REPUBLIKA.CO.ID, TEHERAN -- Presiden Iran, Ebrahim Raisi pada Selasa (28/8/2023) mengatakan, Barat telah gagal mengisolasi negaranya. Iran menunda kemungkinan melanjutkan pembicaraan untuk menghidupkan kembali perjanjian nuklir.
“Musuh mencoba mengikuti dua strategi; yang pertama adalah mengisolasi Iran dari dunia dan yang lainnya adalah mematahkan semangat bangsa Iran. Kedua strategi tersebut telah gagal. Mereka (Barat) tidak berhasil mengisolasi Iran,” kata Raisi dalam konferensi pers di Teheran, dilaporkan Al Arabiya.

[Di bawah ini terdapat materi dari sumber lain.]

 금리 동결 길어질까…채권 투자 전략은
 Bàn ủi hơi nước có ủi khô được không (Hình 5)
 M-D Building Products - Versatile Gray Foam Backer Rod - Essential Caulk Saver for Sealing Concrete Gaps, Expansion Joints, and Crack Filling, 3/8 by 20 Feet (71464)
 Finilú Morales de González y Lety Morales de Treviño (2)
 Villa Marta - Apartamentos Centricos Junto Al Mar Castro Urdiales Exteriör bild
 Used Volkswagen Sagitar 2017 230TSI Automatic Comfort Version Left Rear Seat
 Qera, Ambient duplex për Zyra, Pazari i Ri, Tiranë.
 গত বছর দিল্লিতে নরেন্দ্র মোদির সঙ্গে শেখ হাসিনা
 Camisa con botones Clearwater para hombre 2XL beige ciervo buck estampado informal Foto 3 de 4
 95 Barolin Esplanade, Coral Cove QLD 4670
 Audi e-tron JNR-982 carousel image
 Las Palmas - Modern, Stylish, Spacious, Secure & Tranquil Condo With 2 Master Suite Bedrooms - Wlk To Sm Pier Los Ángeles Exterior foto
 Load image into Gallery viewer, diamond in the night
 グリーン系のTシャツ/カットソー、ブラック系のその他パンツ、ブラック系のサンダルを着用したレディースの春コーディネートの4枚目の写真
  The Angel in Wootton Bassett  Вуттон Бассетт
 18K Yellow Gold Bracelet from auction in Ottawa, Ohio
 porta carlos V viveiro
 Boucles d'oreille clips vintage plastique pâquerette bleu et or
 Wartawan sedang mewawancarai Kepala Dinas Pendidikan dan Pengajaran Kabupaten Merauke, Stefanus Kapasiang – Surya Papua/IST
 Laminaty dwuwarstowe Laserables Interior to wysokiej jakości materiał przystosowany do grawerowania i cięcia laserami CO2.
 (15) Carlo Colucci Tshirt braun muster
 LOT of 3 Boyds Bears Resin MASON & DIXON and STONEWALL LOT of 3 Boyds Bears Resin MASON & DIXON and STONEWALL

Raisi mengacu pada sanksi yang dijatuhkan terhadap Iran sejak Amerika Serikat membatalkan perjanjian nuklir tersebut pada 2018. Termasuk protes yang meletus pada September 2022 atas kematian seorang wanita muda dalam tahanan.
Raisi mengatakan, Iran terus mengupayakan pencabutan sanksi melalui negosiasi untuk menghidupkan kembali perjanjian nuklir tahun 2015. "Kami tidak mengaitkan perekonomian negara ini dengan keinginan negara-negara Barat," kata Raisi.
Ketegangan antara Teheran dan Washington mereda bulan ini dengan diumumkannya perjanjian pertukaran tahanan. Iran membebaskan lima tahanan Amerika dengan imbalan pengembalian dana Iran yang dibekukan di Korea Selatan sebesar 6 miliar dolar AS.
Namun perjanjian pertukaran tahanan itu tidak mencakup kemungkinan kembalinya perjanjian nuklir menjelang pemilihan presiden AS pada 2024.
Raisi menyoroti keberhasilan diplomatik Iran, termasuk pemulihan hubungan dengan negara-negara Arab seperti Arab Saudi serta keanggotaannya dalam Organisasi Kerjasama Shanghai dan undangan untuk bergabung dengan kelompok BRICS. Raisi menambahkan, pemerintahnya sedang berupaya untuk mengurangi pengaruh mata uang dolar AS terhadap perekonomian Iran.
"Aliansi dengan negara-negara berkembang seperti itu mewakili peluang bagus untuk melawan unilateralisme Amerika,” kata Raisi.